Gene Expression Profiling

[0042]Plasma cell purifications and GEP, using the Affymetrix U133Plus2.0 microarray, were performed as previously described [9,16]. Microarray data and outcome data on the 532 patients used in this study have been deposited in the NIH Gene Expression Omnibus under accession number GSE2658.

example 3

Statistical and Microarray Analyses

[0043]Affymetrix U133Plus2.0 micro-arrays were preprocessed using GCOS1.1 software and normalized using conventional GCOS1.1 scaling. Log rank tests for univariate association with disease-related survival were performed for each of the 54,675‘Signal’ summaries.
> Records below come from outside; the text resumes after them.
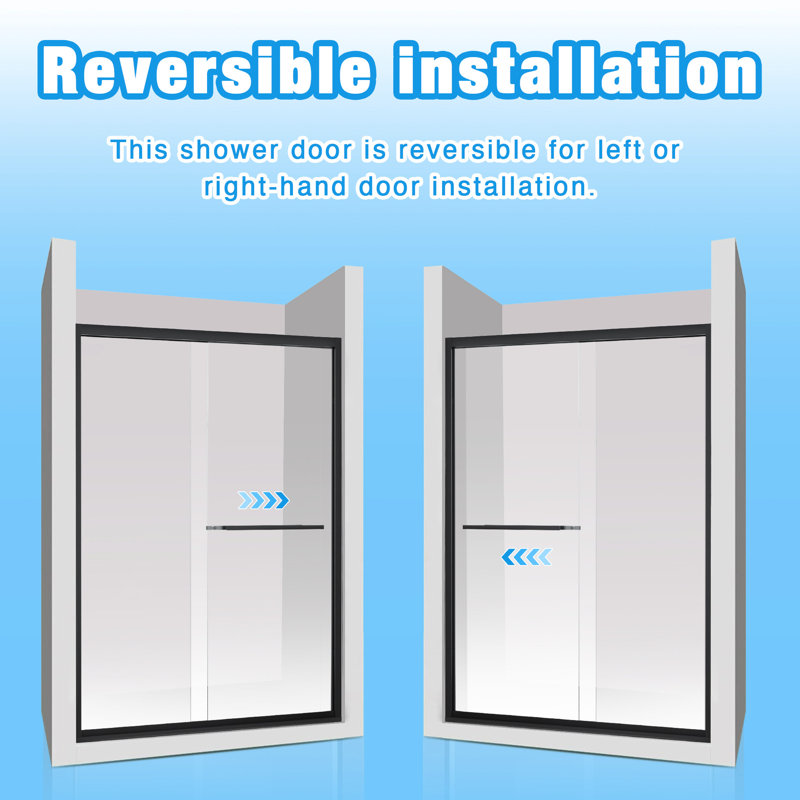 Double Sliding Shower Door With 8Mm Clear Tempered Glass, Matte Black Aluminum Frame, Stainless Steel Handle, - Crash Angle, Mute Operation For Bathroom Finish, Protection, Reversible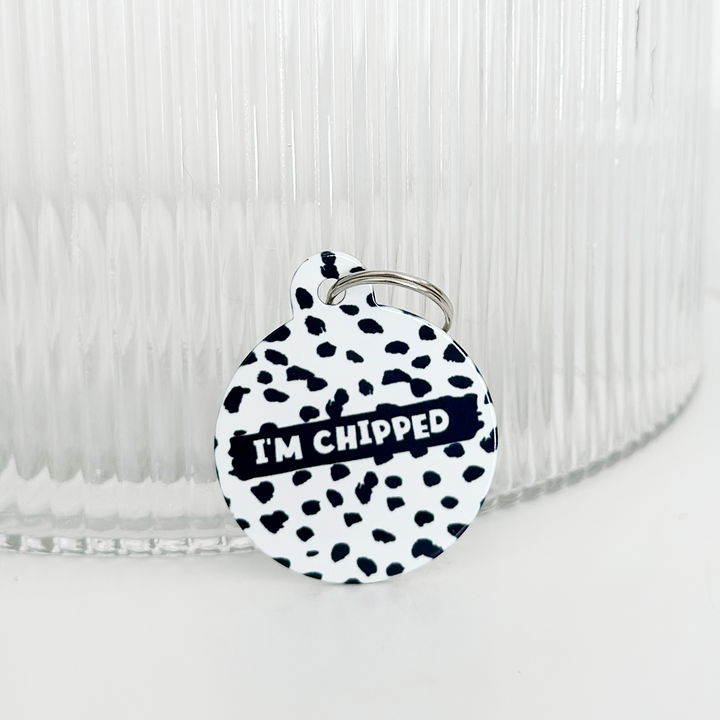 Personalised 'I'm Chipped' ID Tag - Monochrome Spots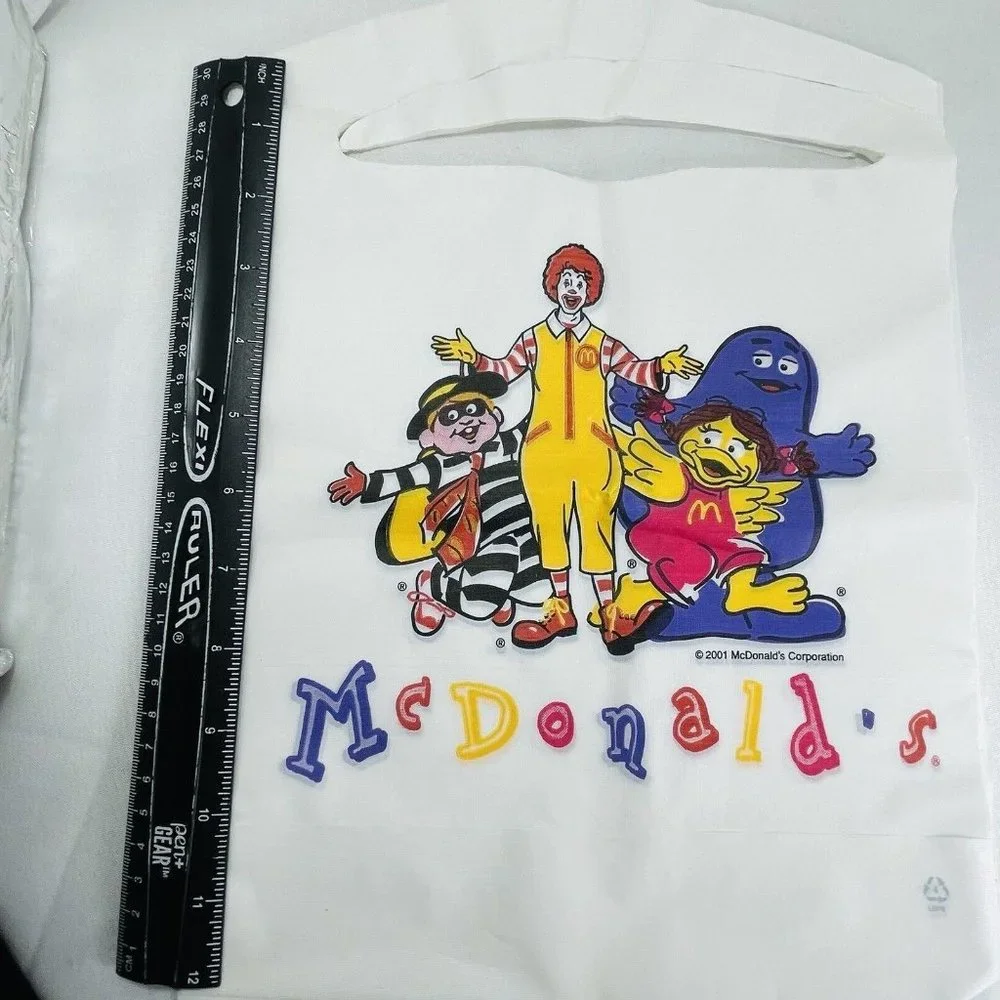7 McDonald's Grimace Ronald Hamburglar Birdie Restaurant Plastic Bib Vintage Lot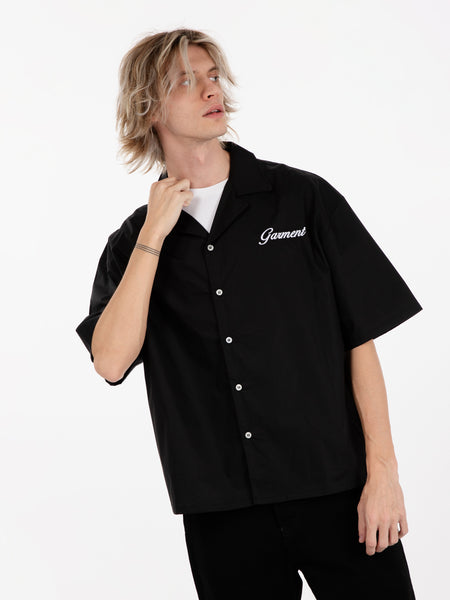 Camicia bowling popeline embroided chaos black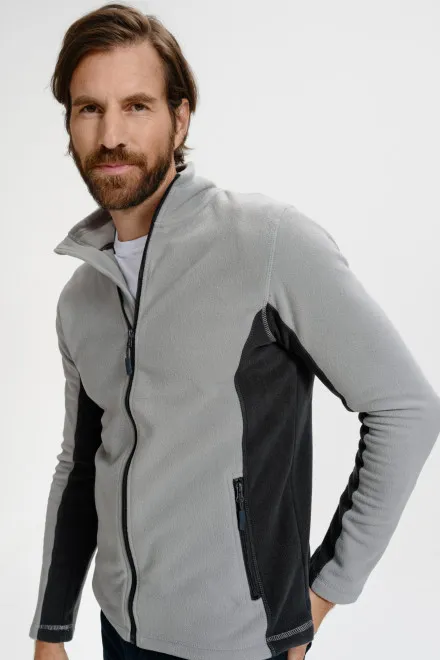 Veste polaire homme contrastée, gris clair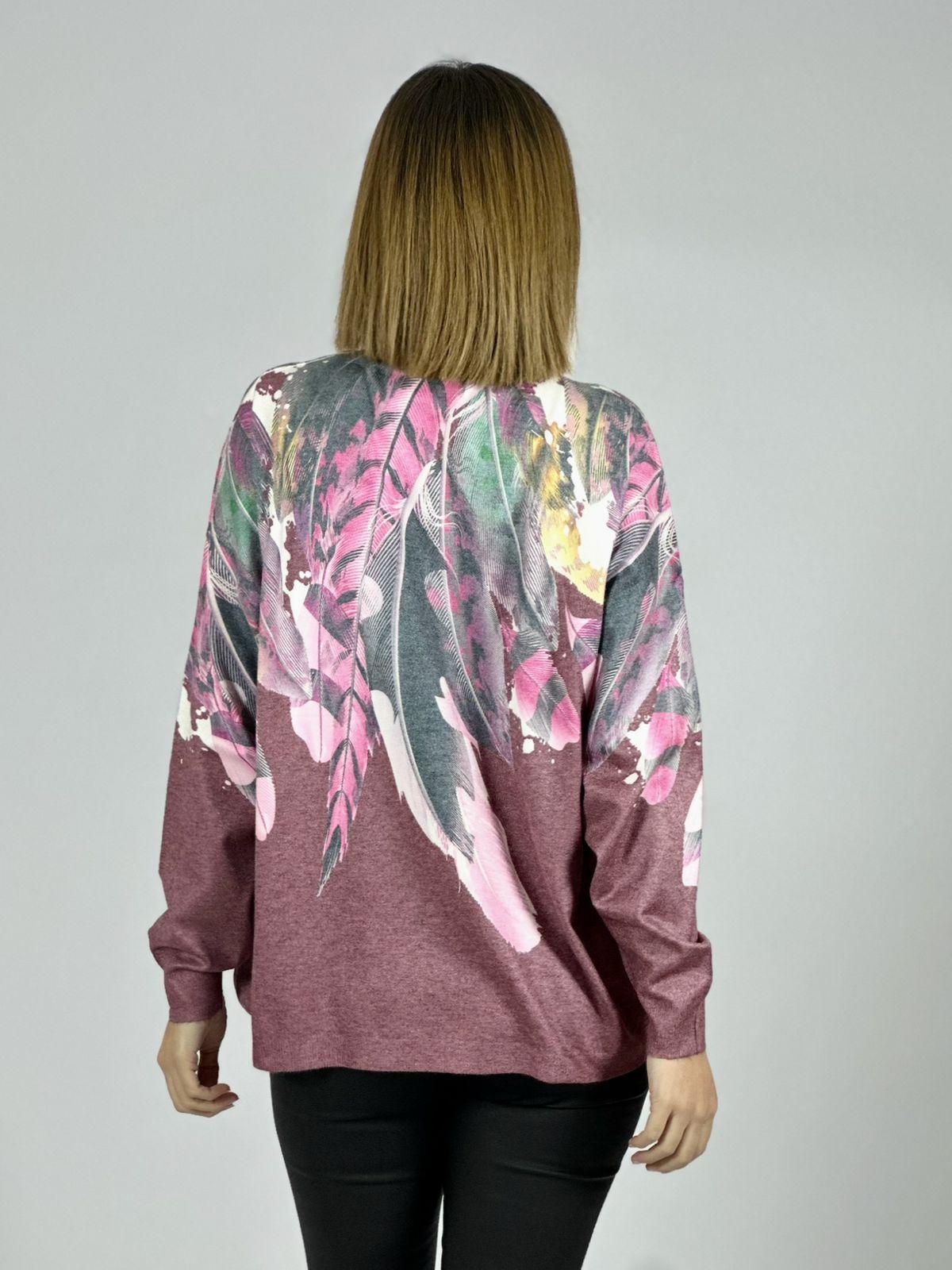 Sweater Hilo Estampado Diseño Plumas
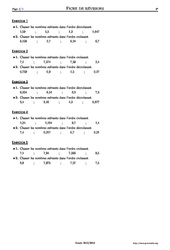 Classer des nombres décimaux - Exercices corrigés - Mathématiques - Soutien scolaire : 8ème Harmos - PDF à imprimer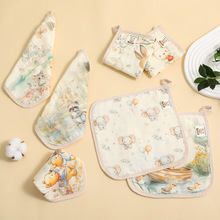 六层口水巾卡通棉纱布婴儿洗脸巾柔软吸水A类宝宝毛巾新生儿方巾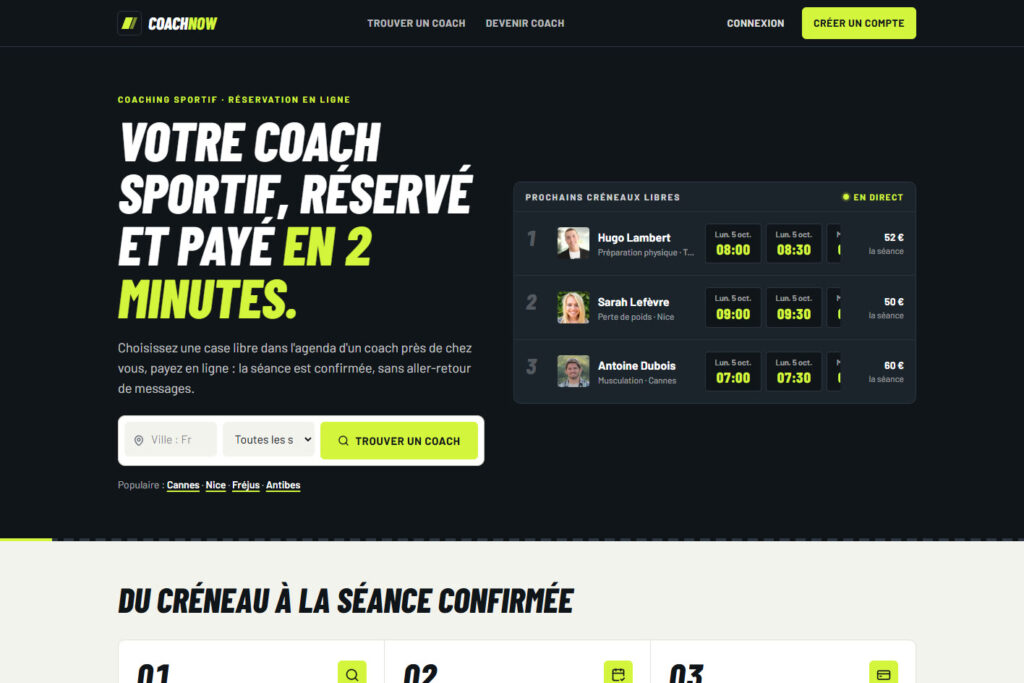 Aperçu du projet CoachNow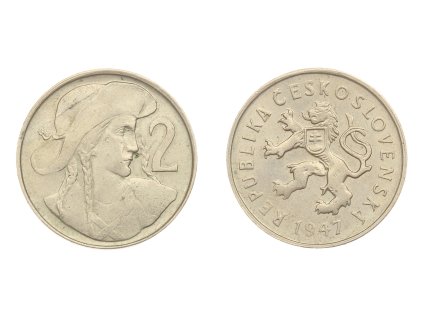 ČSR, mince 2 Koruna, 1947, stav 1/1...viz autentické foto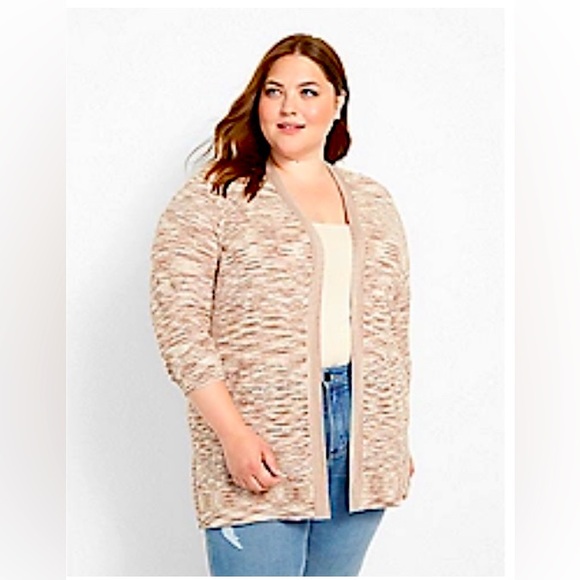Lane Bryant Sweaters - Lane Bryant- Classic 3/4-Sleeve Open-Front
Pointelle Overpiece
Specifically, log rank tests were performed for quartile 1 (Q1) vs. quartiles 2-4 (Q2-Q4) and quartile 4 (Q4) vs. quartiles 1-3 (Q1-Q3) in order to identify under- and over expressed prognostic genes, respectively. A false discovery rate cut-off of 2.5% was applied to each list of log-rank P-values [17] yielding 19 under- and 51 over expressed probe sets. Heat-map-column dendrograms were computed with hierarchical clustering using Pearson's correlation distances between patient pairs' log2-scale expression. Column-dendrogram branches were sorted left-to-right based upon each patient's difference between average log2-scale expression of the 51 up-regulated and the 19 down-regulated genes: th...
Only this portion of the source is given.